Inside AP’s Controversial New Course

The College Board began its first pilot for AP African American Studies this year, and it has become a major talking point in the national political realm.

The College Board, the non-profit behind SAT testing and Advanced Placement (AP) courses, has been developing their first ever course focused specifically on Black Americans: AP African American Studies. The course is currently being piloted in a handful of schools across the United States, with a full global launch scheduled for August of 2024.

The course will be the first in-depth look into Black history for many high school students as it continues to expand across the country.

AP African American Studies can be introduced at Eaglecrest High School as early as 2024. (Marcus Turner)

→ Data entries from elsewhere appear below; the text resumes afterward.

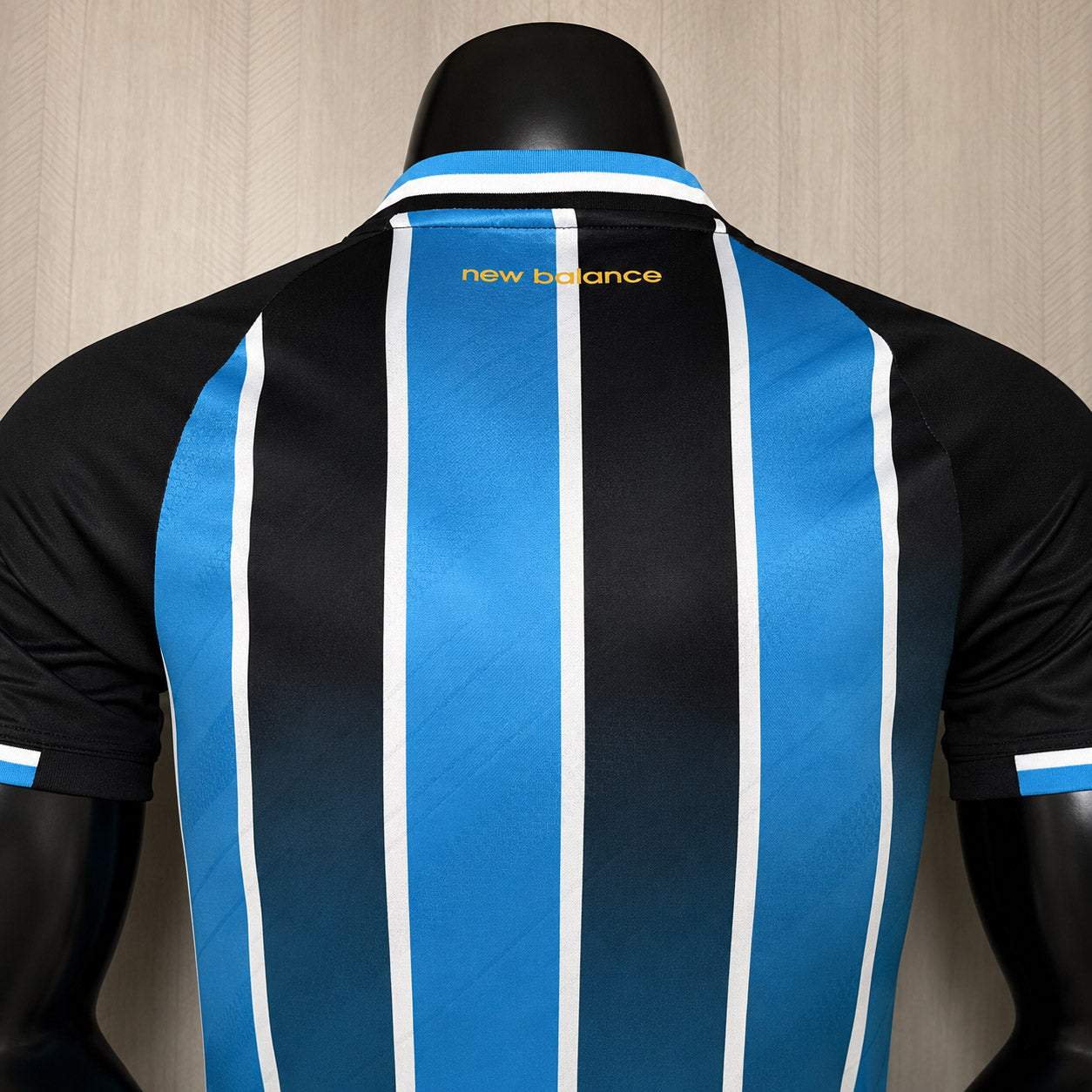 Gremio 2026 Home - Player Version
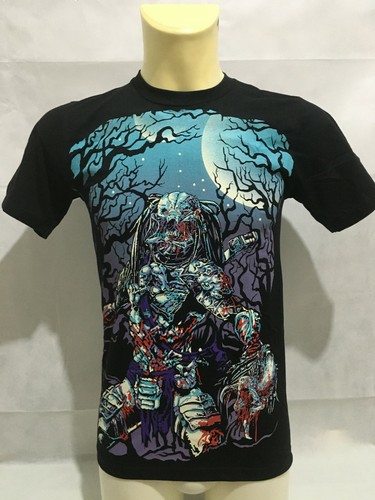 Shirt uomo con stampa - con,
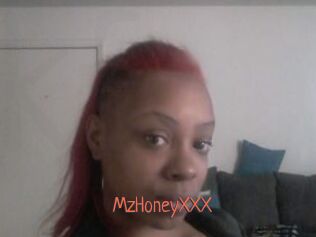MzHoneyXXX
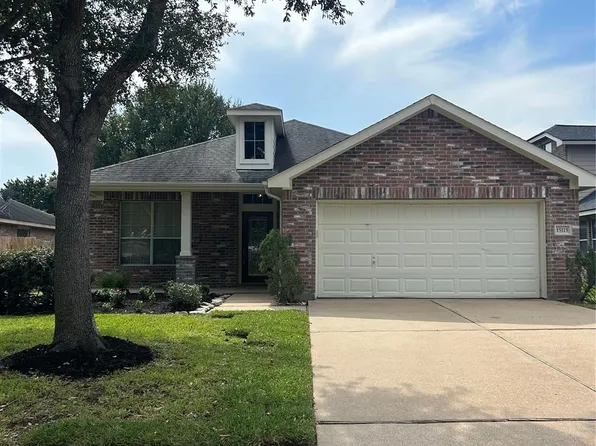 15115 Crescent Lilly Dr, Cypress, TX 77433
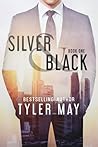 Silver & Black by Tyler May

“You guys know about the Civil Rights Movement, you know about Martin Luther King, Rosa Parks, [and] Malcolm X. But now with this course, we have more opportunities to teach about people you never hear about, like Ida B. Wells-Barnett, W.E.B. Du Bois, [and] Frederick Douglass. We can go more in depth into the successes of history versus just focusing on the negatives,” Overland AP African American Studies teacher Nathan Umetsu said.

Typically, introducing a new AP course is a years-long process that comes with a series of roadblocks. Those challenges generally relate to the quantity of students willing to take the course and adjusting the difficulty of a college-level class for high schoolers. 

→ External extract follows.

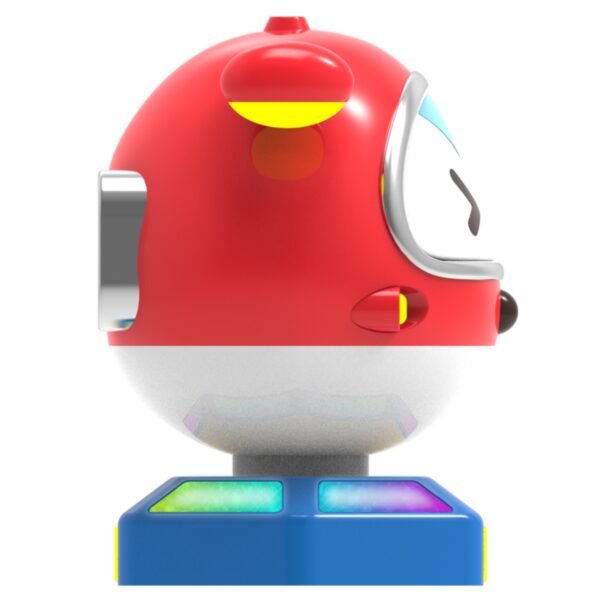 Aofei Children's Driving School Car Ornament - Le Di - Image 3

But AP African American Studies is facing a unique political contest.

The College Board began developing AP African American Studies in 2020 amid the George Floyd protests, and began a pilot program in just over 60 schools across the country, including Overland High School, in August 2022.

The pilot quickly grew to be controversial, with the Florida Department of Education outright banning the course under the administration of Governor Ron DeSantis. The controversy comes as the latest chapter in an ongoing political fight concerning what is being taught inside public schools.

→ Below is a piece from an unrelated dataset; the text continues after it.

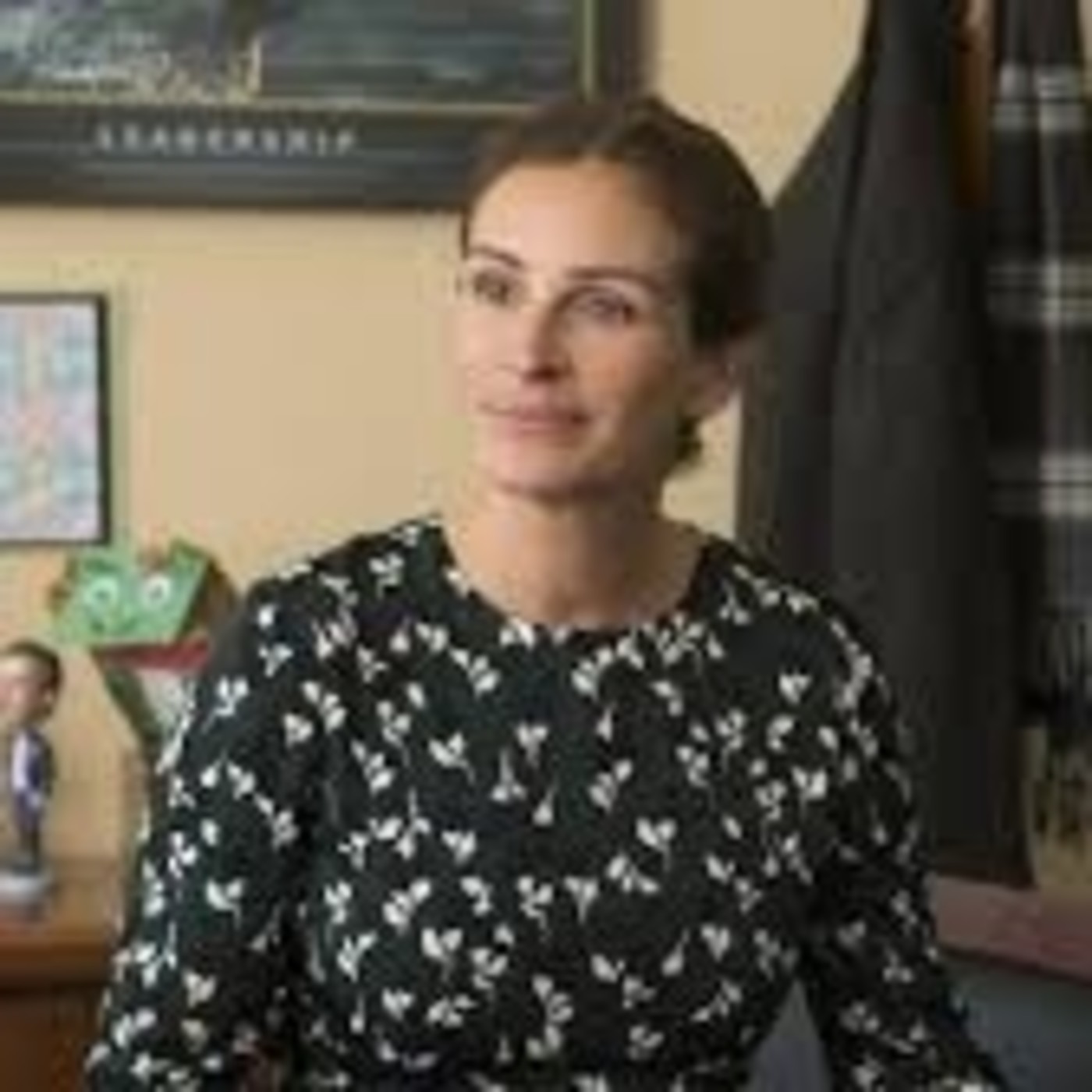 Wonder-La aceptación de lo distinto - Episodio exclusivo para mecenas episode artwork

“Buzzwords are being thrown around. They are words that when people hear they would get angry about when they look at the curriculum. Unfortunately, that is just how it is right now, in this society,” Umetsu said.

The College Board released guidelines for AP African American Studies on February 1st, coinciding with the first day of Black History Month. This is standard practice for AP courses, with every one currently available having its guidelines publicly available on the College Board website.

“I would encourage anybody that has a problem with this class, or anybody who is just interested in the class, to go to the College Board website and see what the curriculum is, because I think they would be pleased to see that it is a genuine class about the African American experience,” AP U.S. Government teacher Faith Vigil said.

As the course continues to change, the pilot course is expected to expand en route to a full release in the 2024-25 school year.

Overland High School, a member of the Cherry Creek School District alongside Eaglecrest, is the only school in Colorado and one of 63 schools in the country currently offering AP African American Studies. (Photo: CBS Colorado)

“This year, there were 63 schools across the nation who are piloting this course for students. Next year, they’ll expand that number to 650 schools nationwide. So the program is growing, and we are super excited to see where it is going to lead,” Umetsu said.

The College Board has and will continue to make routine changes to the course, but has publicly denied the influence of these controversies over those decisions.

“We have made the mistake of treating FDOE [Florida Department of Education] with the courtesy we always accord to an education agency, but they have instead exploited this courtesy for their political agenda,” the College Board said in a recent statement. “Florida is attempting to claim a political victory by taking credit retroactively for changes we ourselves made but that they never suggested to us.”

Desite the pushback, everything seems to be business as usual behind the scenes. Whether people agree with it or not,  AP African American Studies is coming soon, and it seems that the course’s controversies may be ignored in the process.